- **Input records**

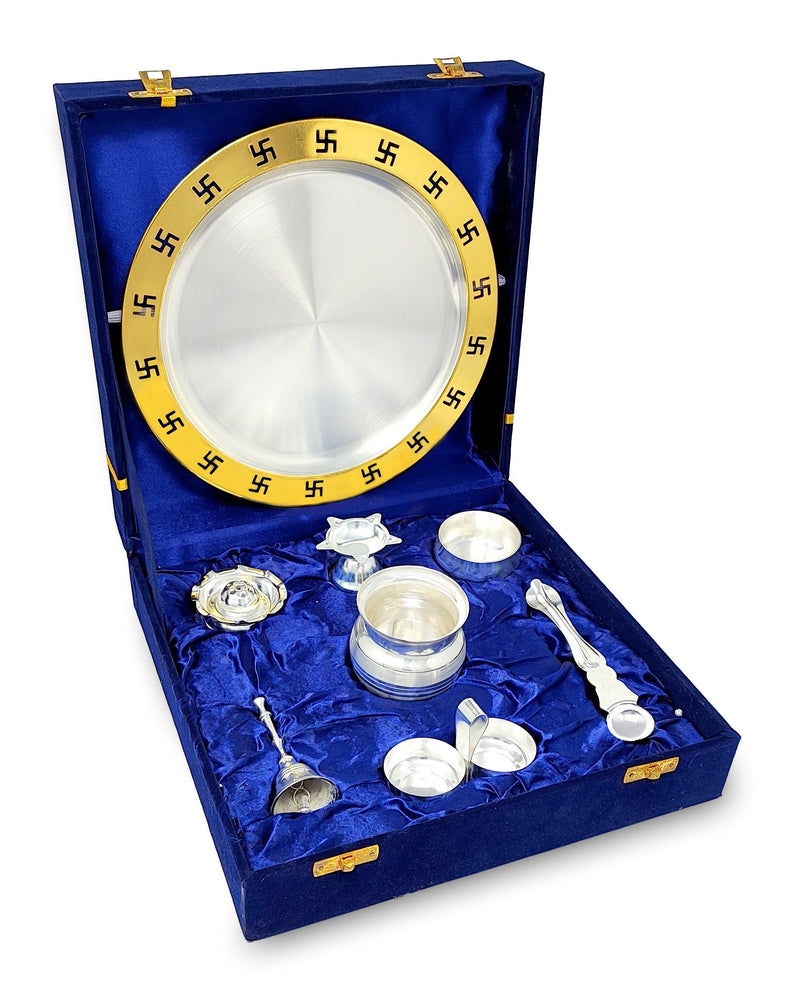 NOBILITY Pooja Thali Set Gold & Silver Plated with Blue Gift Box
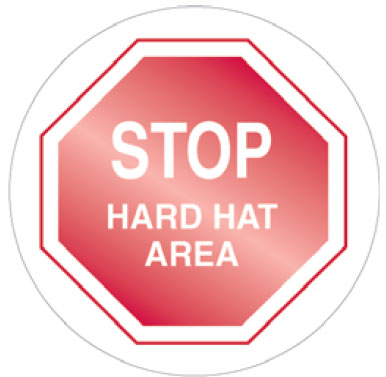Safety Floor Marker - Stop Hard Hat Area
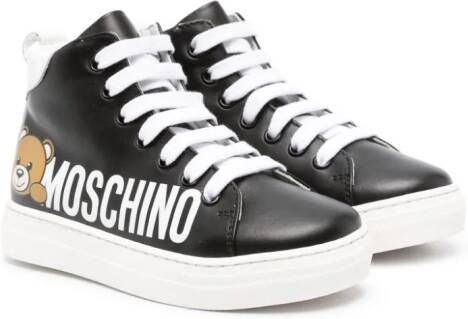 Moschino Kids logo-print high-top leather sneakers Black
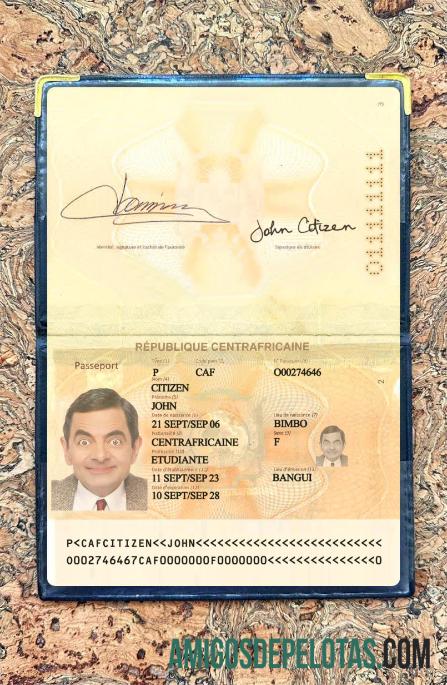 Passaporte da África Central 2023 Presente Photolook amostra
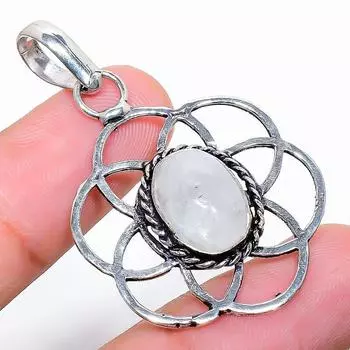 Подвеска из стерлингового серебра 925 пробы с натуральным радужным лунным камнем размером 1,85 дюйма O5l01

- **Try it**
The answer must be an exact transcription of the lines from the one holding "Passaporte da África" to the last line of the entries above, with no pictures and nothing else.

- **Response box**
 Passaporte da África Central 2023 Presente Photolook amostra
 Подвеска из стерлингового серебра 925 пробы с натуральным радужным лунным камнем размером 1,85 дюйма O5l01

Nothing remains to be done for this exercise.